## What this task involves
Starting at the line below holding "Birds transforming in a Möbius strip" and stopping at the line holding "Jungle Out There!", print every line exactly, both ends included, and leave the rest out.

## Material for this task

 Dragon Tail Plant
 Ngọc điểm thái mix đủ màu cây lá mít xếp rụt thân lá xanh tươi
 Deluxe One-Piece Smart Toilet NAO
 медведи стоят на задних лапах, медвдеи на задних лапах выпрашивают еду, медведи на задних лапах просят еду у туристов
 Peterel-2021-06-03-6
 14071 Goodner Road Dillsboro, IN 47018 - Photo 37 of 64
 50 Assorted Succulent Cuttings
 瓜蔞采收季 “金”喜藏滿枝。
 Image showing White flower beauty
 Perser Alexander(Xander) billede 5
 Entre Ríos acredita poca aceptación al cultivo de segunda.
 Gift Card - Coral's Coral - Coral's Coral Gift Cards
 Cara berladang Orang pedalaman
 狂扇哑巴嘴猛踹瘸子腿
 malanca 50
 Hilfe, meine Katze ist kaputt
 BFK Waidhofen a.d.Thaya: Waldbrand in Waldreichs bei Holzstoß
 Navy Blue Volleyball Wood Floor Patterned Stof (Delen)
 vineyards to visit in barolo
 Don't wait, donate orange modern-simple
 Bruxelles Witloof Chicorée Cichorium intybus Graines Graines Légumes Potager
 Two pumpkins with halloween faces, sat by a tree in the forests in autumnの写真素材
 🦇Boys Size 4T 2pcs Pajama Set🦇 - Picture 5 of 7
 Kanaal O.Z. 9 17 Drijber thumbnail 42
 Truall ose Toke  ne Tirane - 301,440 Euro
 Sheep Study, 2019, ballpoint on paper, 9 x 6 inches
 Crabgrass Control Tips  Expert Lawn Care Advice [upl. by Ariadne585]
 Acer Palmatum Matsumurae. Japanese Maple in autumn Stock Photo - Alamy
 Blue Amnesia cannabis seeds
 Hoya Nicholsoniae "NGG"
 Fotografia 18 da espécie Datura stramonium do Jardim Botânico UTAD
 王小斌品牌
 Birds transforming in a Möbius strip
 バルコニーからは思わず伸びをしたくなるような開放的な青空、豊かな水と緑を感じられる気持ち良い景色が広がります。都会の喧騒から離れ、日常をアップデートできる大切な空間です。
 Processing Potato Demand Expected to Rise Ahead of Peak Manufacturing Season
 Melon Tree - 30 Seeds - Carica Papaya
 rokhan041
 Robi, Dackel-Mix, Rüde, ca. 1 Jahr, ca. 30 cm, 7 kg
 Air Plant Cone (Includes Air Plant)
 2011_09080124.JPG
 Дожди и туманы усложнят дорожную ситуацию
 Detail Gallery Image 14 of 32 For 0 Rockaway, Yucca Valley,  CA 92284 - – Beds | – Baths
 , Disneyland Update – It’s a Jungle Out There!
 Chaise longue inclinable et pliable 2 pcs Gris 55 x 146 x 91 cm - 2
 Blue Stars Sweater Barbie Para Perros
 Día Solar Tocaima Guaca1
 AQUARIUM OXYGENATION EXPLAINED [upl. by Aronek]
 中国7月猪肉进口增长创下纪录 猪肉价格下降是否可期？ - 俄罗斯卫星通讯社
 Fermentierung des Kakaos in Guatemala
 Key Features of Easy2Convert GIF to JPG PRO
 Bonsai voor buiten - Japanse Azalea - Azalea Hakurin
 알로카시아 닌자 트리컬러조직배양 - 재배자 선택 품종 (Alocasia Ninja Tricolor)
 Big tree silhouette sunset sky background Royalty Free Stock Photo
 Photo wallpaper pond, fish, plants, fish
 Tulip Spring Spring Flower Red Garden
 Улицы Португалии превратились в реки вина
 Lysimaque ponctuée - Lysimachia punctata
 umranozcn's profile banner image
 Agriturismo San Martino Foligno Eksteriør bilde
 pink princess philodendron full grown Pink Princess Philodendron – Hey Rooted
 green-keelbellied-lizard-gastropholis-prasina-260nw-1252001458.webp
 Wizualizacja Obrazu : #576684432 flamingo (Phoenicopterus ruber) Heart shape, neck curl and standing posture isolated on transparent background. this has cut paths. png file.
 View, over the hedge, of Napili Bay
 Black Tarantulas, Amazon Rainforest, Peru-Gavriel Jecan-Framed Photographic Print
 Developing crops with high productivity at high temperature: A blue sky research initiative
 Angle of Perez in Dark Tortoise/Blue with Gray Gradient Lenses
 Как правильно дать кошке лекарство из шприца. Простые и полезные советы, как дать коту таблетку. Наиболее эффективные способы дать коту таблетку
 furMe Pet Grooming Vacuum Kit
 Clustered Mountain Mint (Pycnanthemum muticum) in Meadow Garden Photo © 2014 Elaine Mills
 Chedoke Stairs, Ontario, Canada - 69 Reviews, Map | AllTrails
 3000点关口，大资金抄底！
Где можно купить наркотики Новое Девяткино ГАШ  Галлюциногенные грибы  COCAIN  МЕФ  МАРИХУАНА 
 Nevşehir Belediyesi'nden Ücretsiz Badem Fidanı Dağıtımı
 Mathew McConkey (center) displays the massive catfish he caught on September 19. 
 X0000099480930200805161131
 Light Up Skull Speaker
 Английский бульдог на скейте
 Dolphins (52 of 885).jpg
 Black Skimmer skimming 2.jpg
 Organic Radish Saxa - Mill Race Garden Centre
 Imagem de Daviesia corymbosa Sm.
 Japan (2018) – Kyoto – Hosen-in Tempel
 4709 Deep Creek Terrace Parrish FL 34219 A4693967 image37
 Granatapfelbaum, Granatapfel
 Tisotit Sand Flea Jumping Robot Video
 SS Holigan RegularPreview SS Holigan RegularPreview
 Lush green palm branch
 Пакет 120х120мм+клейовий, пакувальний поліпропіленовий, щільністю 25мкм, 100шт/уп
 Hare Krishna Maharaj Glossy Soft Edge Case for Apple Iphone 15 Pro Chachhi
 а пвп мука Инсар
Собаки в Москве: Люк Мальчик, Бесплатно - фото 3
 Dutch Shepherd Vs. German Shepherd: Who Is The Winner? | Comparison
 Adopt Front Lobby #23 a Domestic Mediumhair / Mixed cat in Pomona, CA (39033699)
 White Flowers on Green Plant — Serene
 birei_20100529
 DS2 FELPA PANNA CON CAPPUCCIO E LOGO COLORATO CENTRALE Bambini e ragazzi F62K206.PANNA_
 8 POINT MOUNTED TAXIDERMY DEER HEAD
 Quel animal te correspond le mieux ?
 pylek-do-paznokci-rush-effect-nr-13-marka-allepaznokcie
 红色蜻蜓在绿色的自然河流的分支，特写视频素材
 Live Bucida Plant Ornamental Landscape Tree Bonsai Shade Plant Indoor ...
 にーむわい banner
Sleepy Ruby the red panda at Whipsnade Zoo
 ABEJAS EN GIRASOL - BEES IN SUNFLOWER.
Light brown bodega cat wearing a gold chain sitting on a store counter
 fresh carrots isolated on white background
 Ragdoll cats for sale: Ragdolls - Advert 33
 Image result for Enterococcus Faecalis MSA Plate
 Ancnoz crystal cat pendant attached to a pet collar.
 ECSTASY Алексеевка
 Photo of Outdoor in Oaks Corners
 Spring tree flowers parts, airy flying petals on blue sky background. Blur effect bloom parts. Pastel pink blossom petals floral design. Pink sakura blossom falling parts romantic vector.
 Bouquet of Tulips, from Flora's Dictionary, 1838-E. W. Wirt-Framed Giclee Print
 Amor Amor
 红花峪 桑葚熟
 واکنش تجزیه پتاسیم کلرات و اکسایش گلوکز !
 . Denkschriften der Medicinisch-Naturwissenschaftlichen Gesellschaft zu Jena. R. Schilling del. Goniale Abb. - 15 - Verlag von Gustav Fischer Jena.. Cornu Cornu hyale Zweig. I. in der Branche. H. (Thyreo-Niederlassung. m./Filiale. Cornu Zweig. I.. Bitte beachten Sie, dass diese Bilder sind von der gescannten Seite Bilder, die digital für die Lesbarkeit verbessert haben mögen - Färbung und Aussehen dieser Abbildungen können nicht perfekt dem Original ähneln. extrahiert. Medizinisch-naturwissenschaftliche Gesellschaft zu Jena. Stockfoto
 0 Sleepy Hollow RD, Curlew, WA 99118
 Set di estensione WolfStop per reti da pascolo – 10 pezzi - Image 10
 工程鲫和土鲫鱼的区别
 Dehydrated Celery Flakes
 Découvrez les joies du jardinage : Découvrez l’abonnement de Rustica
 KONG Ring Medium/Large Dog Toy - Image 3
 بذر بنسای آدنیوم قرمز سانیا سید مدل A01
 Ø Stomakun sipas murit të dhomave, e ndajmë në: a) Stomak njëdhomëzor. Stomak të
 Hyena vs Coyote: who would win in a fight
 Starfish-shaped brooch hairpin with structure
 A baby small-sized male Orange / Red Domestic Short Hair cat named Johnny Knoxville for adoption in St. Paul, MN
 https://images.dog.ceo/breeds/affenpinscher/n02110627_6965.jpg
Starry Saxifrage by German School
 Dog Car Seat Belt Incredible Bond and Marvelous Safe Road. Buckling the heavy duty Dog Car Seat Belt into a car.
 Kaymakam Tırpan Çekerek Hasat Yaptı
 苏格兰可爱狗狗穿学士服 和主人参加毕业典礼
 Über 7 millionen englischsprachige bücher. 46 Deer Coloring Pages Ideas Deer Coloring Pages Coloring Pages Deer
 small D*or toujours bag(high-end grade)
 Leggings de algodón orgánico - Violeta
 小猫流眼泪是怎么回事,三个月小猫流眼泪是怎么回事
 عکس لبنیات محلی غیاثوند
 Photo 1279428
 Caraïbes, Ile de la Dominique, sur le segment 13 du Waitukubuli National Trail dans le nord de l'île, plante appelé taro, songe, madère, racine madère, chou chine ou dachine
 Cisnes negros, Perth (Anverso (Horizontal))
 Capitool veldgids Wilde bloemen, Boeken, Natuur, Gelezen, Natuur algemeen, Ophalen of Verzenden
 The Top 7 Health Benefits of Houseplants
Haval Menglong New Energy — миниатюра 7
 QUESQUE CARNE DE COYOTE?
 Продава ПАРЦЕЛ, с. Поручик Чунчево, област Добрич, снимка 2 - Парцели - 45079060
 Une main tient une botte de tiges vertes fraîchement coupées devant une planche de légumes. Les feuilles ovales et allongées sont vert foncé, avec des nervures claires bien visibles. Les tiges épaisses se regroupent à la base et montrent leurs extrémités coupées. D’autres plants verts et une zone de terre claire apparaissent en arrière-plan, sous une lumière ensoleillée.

## Task answer
 Birds transforming in a Möbius strip
 バルコニーからは思わず伸びをしたくなるような開放的な青空、豊かな水と緑を感じられる気持ち良い景色が広がります。都会の喧騒から離れ、日常をアップデートできる大切な空間です。
 Processing Potato Demand Expected to Rise Ahead of Peak Manufacturing Season
 Melon Tree - 30 Seeds - Carica Papaya
 rokhan041
 Robi, Dackel-Mix, Rüde, ca. 1 Jahr, ca. 30 cm, 7 kg
 Air Plant Cone (Includes Air Plant)
 2011_09080124.JPG
 Дожди и туманы усложнят дорожную ситуацию
 Detail Gallery Image 14 of 32 For 0 Rockaway, Yucca Valley,  CA 92284 - – Beds | – Baths
 , Disneyland Update – It’s a Jungle Out There!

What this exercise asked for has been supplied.